Reprise des cultes :
— Châtellerault depuis le 14 juin (puis, jusqu'à nouvel ordre, tous les 15 jours) ;
— Poitiers le 21 juin
Liturgie et prédication en PDF ici
Lecture de l’Évangile et prédication (PDF ici) en audio ici :
Jérémie 20, 10-13 ; Psaume 69 ; Romains 5, 12-15 ; Matthieu 10, 26-33
Jérémie 20, 7-18
« Si j’avais su au début, quand j’ai commencé d’écrire, ce que j’ai maintenant éprouvé et vu, à savoir à quel point les gens haïssent la Parole de Dieu et s’y opposent aussi violemment, je m’en serais tenu en vérité au silence […] Mais Dieu m’a poussé de l’avant comme une mule à qui l’on aurait bandé les yeux pour qu’elle ne voie pas ceux qui accourent contre elle […] C’est ainsi que j’ai été poussé en dépit de moi au ministère d’enseignement et de prédication ; mais si j’avais su ce que je sais maintenant, c’est à peine si dix chevaux auraient pu m’y pousser.
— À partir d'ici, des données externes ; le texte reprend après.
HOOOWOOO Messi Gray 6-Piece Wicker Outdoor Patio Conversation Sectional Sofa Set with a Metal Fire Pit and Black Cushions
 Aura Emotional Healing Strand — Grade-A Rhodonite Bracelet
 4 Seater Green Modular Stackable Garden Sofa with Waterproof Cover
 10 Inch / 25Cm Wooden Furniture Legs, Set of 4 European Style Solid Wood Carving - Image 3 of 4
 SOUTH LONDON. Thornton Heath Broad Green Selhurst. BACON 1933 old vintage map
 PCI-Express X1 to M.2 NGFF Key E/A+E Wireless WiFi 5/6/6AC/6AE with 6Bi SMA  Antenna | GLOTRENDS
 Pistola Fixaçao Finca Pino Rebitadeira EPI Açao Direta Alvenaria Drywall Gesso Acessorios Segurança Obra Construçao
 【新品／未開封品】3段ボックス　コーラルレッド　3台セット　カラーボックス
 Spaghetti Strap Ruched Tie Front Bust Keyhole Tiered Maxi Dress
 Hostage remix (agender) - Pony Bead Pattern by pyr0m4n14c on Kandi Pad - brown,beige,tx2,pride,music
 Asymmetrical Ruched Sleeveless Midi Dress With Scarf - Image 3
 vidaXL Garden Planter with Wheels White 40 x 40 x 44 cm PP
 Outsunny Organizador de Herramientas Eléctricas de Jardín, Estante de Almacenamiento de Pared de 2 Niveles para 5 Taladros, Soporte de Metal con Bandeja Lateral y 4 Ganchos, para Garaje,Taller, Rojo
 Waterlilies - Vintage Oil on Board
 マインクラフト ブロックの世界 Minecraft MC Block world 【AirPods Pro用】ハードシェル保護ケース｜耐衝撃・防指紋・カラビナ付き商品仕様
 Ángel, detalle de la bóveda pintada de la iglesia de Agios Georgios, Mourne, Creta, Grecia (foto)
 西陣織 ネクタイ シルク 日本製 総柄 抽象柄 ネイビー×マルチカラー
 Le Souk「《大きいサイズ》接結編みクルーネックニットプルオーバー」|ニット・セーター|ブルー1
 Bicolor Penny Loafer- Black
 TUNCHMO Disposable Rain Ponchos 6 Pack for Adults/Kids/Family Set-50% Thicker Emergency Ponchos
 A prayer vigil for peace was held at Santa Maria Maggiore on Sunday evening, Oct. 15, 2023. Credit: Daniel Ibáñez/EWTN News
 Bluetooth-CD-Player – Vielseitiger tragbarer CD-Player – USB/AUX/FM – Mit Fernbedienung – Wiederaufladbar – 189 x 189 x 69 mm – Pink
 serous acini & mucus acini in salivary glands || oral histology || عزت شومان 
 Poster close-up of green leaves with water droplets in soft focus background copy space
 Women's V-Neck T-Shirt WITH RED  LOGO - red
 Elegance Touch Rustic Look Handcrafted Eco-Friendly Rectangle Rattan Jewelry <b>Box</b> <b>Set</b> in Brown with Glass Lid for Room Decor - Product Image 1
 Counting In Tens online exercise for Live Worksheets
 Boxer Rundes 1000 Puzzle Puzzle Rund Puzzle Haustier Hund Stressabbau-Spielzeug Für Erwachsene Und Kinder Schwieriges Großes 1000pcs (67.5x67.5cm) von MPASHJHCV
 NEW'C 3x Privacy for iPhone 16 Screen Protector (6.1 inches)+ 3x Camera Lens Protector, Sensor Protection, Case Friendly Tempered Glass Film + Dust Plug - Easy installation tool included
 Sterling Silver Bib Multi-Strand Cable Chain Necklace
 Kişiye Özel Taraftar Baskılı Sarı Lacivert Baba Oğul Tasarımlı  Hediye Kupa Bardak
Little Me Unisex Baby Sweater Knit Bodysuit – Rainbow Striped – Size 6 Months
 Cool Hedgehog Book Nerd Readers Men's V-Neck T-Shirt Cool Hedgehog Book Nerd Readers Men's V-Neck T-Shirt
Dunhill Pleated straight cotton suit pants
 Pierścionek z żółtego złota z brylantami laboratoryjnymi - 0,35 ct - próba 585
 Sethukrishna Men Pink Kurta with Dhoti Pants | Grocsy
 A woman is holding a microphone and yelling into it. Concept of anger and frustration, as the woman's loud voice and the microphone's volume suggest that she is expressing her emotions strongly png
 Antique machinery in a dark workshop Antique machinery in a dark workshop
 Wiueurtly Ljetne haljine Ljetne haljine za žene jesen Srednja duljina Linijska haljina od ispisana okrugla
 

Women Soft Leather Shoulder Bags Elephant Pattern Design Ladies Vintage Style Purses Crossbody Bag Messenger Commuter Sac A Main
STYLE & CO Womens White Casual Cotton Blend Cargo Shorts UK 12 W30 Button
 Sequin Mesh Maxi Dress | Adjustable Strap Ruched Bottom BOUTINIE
C’est ainsi que se plaignent aussi Moïse et Jérémie d’avoir été trompés. » (Luther, Propos de table)
Tout le malheur du prophète vient de ce qu'il a été, à son propre dire, séduit par Dieu (v. 7). La sainteté de Dieu, qui a resplendi à ses yeux depuis le silence de la Création et les paroles de sa Loi, est devenue séduction ! C'en est fini de Jérémie, c'en est fini de sa paix ; c'en sera à terme fini, pour lui, de la douceur de sa vie. C'est face à la sainteté indicible de son Dieu qu’il perçoit de façon incontournable le tragique qui désormais habitera sa vie — dans le manque qui sera le sien et que rien, en ce monde sans sainteté, ne pourra combler. « Malheur à moi, car je suis un homme aux lèvres impures, au milieu d'un peuple aux lèvres impures », dira Ésaïe face à une expérience similaire (És 6).
C’est là le fondement de la parole que Jérémie sera voué à adresser à Jérusalem : c’est dans le miroir de la sainteté divine qu’apparaît la condamnation de Jérusalem et l’exil prochain vers Babylone.
La misère de Jérusalem n'éclate que dans le miroir de la sainteté divine qui a séduit le prophète. Car le péché vient par la Loi, selon Paul aux Romains (ch. 5), la Loi divine, ce reflet du Dieu saint. Le péché nous entraîne en effet par le désir de combler le manque de sainteté que la Loi de Dieu a révélé en nous. Le prophète l'a su, la séduction de Dieu est aussi la révélation d'un manque. Le péché vient du refus de ce manque ; il naît dans la poursuite effrénée de toutes les nourritures frelatées, de toutes les sources polluées dont on voudrait étancher sa soif. Les idoles, les fausses spiritualités et autres mensonges. À propos des idoles, des faux dieux, des dieux et modèles qu’on s’invente, Jérémie parle de citernes crevassées où le peuple s’empoisonne au lieu de se de désaltérer à la parole pure du vrai Dieu, cette parole que porte Jérémie pour son malheur. Jérémie le vit jusqu'en son cri de révolte : « qu'a-t-il fallu que je naisse ! » (v. 14)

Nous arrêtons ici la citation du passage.